Secondly, I find your nationalism as emotional and devoid of logic. While I am glad that Prime Minister Modi’s campaign managed to generate a buzz and continues to do so in the economic realm, the voice of the gundas seems to dominate the socio-political realm. Recently, Raghuram Rajan gave a speech on the correlation between economic development and political stability. This was strange considering that Mr. Rajan seldom comments on such issues. Yes, your intention of development, which will enhance unity, is commendable but as you do so your very own ‘bhaiyas’ undermine your efforts.

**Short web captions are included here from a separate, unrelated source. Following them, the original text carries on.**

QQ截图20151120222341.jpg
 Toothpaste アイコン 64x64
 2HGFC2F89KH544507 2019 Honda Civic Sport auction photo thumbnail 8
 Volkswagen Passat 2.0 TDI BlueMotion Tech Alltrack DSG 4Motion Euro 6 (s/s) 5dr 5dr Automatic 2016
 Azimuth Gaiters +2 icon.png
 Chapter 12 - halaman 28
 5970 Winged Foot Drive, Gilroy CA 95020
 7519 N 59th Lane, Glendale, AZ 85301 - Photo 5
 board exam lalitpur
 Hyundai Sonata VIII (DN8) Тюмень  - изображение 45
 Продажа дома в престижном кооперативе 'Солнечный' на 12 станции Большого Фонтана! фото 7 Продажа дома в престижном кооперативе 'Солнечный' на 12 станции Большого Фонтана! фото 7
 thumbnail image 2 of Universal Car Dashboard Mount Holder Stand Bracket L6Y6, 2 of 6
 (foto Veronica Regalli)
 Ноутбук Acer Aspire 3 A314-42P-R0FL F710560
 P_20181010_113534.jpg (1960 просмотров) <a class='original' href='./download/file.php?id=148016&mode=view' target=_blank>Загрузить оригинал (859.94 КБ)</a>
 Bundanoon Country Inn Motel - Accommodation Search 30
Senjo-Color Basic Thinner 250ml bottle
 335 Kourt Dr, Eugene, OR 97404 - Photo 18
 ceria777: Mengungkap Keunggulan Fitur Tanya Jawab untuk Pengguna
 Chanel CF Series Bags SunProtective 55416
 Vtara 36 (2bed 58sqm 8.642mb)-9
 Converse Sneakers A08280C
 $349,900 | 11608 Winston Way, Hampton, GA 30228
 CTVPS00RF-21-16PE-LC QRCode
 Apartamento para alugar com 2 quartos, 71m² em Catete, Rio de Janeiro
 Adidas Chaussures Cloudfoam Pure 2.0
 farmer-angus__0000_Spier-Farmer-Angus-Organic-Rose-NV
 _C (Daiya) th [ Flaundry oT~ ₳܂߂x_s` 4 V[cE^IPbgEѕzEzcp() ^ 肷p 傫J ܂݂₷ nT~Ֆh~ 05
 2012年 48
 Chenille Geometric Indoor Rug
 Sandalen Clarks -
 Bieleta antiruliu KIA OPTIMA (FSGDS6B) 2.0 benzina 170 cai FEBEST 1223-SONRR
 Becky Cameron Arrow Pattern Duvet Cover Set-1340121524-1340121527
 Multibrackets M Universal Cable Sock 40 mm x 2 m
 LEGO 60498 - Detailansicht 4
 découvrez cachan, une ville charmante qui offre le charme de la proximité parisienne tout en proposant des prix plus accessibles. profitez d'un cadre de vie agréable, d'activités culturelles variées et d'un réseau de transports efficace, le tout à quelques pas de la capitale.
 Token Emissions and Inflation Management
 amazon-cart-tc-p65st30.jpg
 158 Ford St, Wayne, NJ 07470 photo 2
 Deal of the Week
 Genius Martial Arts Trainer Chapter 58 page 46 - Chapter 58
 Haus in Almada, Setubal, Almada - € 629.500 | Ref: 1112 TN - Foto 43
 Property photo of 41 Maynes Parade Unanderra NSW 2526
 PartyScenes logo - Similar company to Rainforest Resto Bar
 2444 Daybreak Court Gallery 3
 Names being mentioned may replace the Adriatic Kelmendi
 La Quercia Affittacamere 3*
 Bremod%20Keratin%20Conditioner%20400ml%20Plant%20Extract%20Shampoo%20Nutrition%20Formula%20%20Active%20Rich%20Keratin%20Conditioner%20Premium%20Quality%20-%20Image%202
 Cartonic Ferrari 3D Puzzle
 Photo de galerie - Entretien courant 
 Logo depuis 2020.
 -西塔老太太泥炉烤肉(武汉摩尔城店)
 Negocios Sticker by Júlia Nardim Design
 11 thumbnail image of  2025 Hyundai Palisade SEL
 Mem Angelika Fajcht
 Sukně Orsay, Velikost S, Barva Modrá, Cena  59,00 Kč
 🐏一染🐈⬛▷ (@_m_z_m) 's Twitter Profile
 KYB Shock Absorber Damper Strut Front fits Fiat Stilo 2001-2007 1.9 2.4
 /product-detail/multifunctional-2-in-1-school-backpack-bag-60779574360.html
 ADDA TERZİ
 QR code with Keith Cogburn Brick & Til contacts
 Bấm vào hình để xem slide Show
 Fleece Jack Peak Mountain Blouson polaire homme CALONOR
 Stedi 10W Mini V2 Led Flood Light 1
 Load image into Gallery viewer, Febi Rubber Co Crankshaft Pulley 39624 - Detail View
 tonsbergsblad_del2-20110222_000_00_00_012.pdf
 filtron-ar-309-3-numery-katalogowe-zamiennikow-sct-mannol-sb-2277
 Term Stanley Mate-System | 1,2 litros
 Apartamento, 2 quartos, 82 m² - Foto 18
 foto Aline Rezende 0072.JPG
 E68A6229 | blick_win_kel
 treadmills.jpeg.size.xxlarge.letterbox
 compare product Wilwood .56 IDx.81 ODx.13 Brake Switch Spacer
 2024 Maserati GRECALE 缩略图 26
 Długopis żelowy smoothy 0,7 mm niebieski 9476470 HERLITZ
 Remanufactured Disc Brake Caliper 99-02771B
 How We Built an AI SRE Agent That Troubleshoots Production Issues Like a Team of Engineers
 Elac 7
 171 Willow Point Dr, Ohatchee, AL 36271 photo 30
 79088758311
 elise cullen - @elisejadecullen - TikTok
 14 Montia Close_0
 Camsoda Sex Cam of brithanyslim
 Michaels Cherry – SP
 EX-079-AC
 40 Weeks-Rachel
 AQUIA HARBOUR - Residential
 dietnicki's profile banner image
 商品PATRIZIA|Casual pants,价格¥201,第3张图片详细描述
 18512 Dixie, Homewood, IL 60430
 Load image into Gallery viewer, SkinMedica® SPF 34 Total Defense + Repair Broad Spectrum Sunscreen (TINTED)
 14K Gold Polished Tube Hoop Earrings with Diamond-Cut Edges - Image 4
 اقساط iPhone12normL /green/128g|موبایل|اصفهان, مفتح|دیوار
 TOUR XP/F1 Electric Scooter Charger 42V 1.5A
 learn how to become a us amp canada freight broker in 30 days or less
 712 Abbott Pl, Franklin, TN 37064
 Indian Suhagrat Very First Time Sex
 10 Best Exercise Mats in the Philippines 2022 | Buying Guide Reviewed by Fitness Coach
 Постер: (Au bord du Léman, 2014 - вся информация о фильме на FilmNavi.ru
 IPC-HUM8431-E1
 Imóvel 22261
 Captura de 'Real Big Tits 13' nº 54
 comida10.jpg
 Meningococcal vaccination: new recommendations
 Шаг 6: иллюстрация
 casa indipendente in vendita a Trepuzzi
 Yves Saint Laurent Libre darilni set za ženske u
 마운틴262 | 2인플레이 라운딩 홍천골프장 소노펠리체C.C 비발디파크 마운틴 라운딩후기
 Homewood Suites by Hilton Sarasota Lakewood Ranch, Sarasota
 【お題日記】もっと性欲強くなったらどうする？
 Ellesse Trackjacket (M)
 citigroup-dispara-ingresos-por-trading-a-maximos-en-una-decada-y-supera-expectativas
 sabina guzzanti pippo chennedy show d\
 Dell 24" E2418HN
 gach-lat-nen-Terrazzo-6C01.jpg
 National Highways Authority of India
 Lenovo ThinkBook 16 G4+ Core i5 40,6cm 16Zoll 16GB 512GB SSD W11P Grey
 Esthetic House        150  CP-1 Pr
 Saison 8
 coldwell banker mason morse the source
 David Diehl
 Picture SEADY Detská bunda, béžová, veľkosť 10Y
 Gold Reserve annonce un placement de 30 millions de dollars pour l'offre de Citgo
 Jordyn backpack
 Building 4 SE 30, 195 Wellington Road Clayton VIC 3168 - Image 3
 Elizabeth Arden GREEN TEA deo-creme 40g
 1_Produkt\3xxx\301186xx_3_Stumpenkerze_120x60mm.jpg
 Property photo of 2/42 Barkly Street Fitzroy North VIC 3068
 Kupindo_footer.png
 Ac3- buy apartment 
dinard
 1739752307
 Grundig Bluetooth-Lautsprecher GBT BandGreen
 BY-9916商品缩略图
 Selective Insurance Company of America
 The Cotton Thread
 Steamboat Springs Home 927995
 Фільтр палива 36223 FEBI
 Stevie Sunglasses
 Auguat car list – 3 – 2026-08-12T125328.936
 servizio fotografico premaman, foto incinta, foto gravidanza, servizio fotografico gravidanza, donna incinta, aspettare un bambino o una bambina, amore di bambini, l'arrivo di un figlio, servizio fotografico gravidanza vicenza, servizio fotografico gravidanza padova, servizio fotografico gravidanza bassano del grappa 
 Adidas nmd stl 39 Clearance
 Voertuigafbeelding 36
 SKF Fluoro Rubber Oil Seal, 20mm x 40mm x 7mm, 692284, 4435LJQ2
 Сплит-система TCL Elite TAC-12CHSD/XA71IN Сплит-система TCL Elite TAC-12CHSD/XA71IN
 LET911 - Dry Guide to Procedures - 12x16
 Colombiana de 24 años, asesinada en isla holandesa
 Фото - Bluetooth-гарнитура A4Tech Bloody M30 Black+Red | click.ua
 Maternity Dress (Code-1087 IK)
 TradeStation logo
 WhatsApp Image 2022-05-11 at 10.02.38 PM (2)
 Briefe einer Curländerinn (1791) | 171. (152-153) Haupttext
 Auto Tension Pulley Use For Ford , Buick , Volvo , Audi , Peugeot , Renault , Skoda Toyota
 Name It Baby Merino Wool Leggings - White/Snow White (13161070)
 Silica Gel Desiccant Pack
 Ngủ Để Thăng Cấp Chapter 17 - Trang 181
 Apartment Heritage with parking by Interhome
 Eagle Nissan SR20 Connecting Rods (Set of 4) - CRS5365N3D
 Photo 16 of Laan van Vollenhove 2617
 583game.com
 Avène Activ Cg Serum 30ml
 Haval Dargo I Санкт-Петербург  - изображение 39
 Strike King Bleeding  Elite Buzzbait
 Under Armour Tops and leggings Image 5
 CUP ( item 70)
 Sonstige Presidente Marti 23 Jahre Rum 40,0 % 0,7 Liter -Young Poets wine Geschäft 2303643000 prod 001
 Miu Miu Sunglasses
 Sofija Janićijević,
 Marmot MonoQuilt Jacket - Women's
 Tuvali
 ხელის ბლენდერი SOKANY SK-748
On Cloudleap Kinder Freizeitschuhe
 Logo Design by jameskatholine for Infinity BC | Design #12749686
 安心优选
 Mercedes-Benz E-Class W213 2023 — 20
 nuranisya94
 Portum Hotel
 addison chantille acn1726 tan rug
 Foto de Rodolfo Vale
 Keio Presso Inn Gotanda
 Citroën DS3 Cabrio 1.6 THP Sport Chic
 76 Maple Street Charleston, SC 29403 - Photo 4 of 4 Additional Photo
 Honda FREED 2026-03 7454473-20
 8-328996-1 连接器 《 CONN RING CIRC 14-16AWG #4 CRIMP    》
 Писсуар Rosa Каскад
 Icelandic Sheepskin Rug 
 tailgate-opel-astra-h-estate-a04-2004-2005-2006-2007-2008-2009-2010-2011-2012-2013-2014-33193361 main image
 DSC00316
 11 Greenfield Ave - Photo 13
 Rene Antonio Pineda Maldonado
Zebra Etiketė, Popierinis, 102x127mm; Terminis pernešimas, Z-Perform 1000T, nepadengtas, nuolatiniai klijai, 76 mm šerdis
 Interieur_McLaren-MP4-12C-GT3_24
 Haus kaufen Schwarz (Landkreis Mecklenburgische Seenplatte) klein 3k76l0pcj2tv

The last time I remember when people were driven by some kind of mystical Oedipal love for the homeland, things went downhill in 20th century Europe. This is why men like Tagore explicitly claimed that ideals of humanity must always trump those of nationalism as it can degenerate into fascism. Sadly, fascist trends are the reality that I see around me. So strong is human emotion that it seems to pervade the boundaries of class, caste, gender and even literacy. The ‘bhakt’ army seems to pounce on anybody that disagrees with them. The only ray of light is that there are those who use verbal violence which is better than doing so physically.
To me, it seems as though we, as a people, are confirming those very stereotypes that our colonisers propagated of Indians being emotional, and incapable of self-governance. I understand the power of emotion but why can’t it be grounded in reason? Is the idea of Akhand Bharath as Ram Madhav pronounced on an international media forum really practical? Why keep asking minorities and intellectuals to keep reaffirming their nationalism and their ‘Hindu’ origins? While your definition of Hindu as being a cultural entity might be true, I find it extremely dishonest when an organisation whose central idea has been that of a ‘Hindu Rashtra’ (a political entity) hides behind the veil of the cultural definition. I mean, why even bring this up in public space? How does this in any way connect to “sabka saath, sabka vikaas”?
Finally, is Hinduism really that fragile that it needs to keep reasserting its dominance? If it is truly sanatana dharma, or eternal order, does it need saving? I don’t believe so. It is the very fluid, flexible and dynamic nature of Hinduism that has made it survive for centuries despite the invasions. The best part is that it not only survived but also accommodated other ways of thinking into it. By the way, I am both a Hindu and a liberal and don’t see them as mutually exclusive. I believe that both the Dharmic framework and the liberal framework can be used to complement each other to make up for their inherent deficiencies. Most other countries don’t have this privilege as they simply search for answers within the flaws of the modern liberal framework. What we have instead, is that the emphasis now seems to be on ‘either my way or the highway’, which pushes the dangerous framework of fascism above both liberalism and the Dharma.
Maybe you will do well if you heed the advice of arguably the greatest Hindus of the century – Gandhi. If my appeal to the moderate right is turned a deaf ear to, I as a Gandhian, make an appeal to the ‘Right’.